NOT FOR DISTRIBUTION IN OR INTO OR TO ANY PERSON LOCATED OR RESIDENT IN THE UNITED STATES OF AMERICA, ITS TERRITORIES AND POSSESSIONS, ANY STATE OF THE UNITED STATES OF AMERICA OR THE DISTRICT OF COLUMBIA (THE UNITED STATES) OR IN OR INTO ANY OTHER JURISDICTION WHERE IT IS UNLAWFUL TO RELEASE, PUBLISH OR DISTRIBUTE THIS DOCUMENT.

Allied Irish Banks, p.l.c. announces the results of its Tender Offer in respect of its €500,000,000 Fixed Rate Reset Additional Tier 1 Perpetual Contingent Temporary Write-Down Securities (ISIN: XS1328798779)

23 June 2020. On 16 June 2020, Allied Irish Banks, p.l.c. (the Offeror) announced an invitation to eligible holders of its outstanding €500,000,000 Fixed Rate Reset Additional Tier 1 Perpetual Contingent Temporary Write-Down Securities (ISIN: XS1328798779) (the Securities) to tender their Securities for purchase by the Offeror for cash (such invitation, the Offer).

The Offer was made on the terms and subject to the conditions contained in a tender offer memorandum dated 16 June 2020 (the Tender Offer Memorandum) prepared by the Offeror, and subject to the offer restrictions set out in the Tender Offer Memorandum. Capitalised terms used in this announcement but not defined have the meanings given to them in the Tender Offer Memorandum.

The Expiration Deadline for the Offer was 4.00 p.m. (London time) on 22 June 2020. The Offeror hereby announces the results of the Offer.

Results of the Offer

As at the Expiration Deadline, €202,183,000 in aggregate principal amount of the Securities was validly tendered for purchase in the Offer.

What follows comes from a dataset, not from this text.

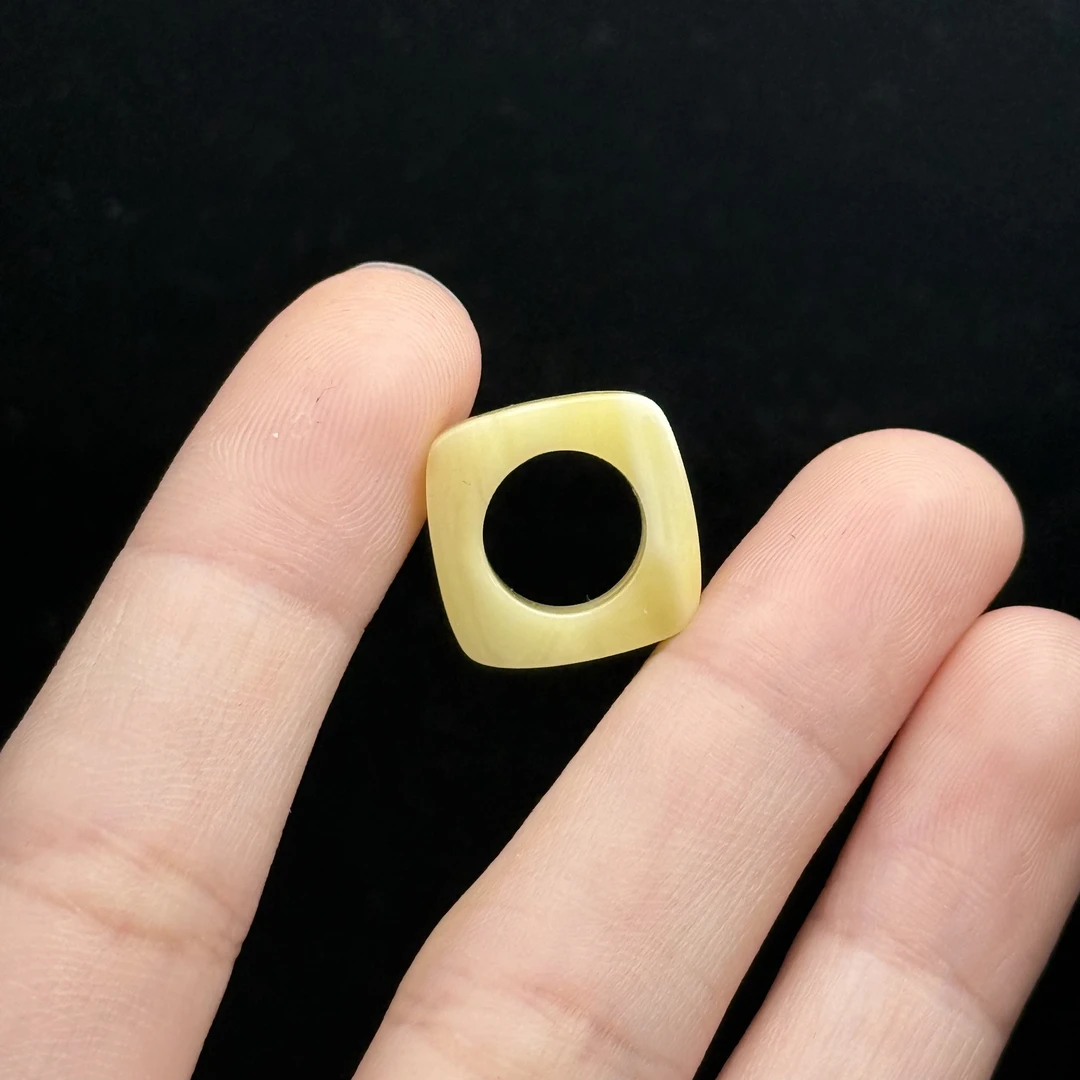 A2898天然原矿蜜蜡 跑环 内径 9.2mm支持复检假一罚十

The Offeror announces that it has decided to set the Final Acceptance Amount at €202,183,000 and, accordingly, that it accepts for purchase all such Securities validly tendered in the Offer in full, with no pro rata scaling. In addition, the Offeror confirms that the New Financing Condition has been satisfied.

The Settlement Date for the Offer is expected to be 24 June 2020.

 

Goldman Sachs International (Telephone: +44 20 7552 6157; Email: liabilitymanagement.eu@gs.com; Attention: Liability Management Group), J.P. Morgan Securities plc (Telephone: +44 20 7134 2468; Email: liability_management_EMEA@jpmorgan.com; Attention: Liability Management), and Merrill Lynch International (Telephone: +44 20 7996 5420; Email: DG.LM-EMEA@bofa.com; Attention: Liability Management Group) are acting as Dealer Managers for the Offer.

Lucid Issuer Services Limited (Telephone: +44 20 7704 0880; Attention: Arlind Bytyqi; Email: aib@lucid-is.com) is acting as Tender and Information Agent for the Offer.

MARKET ABUSE REGULATION

This announcement is released by Allied Irish Banks, p.l.c. and contains information that qualified or may have qualified as inside information for the purposes of Article 7 of the Market Abuse Regulation (EU) 596/2014 (MAR), encompassing information relating to the results of the Offer. For the purposes of MAR and Article 2 of Commission Implementing Regulation (EU) 2016/1055, this announcement is made by Mark Whelan, Head of Term Funding.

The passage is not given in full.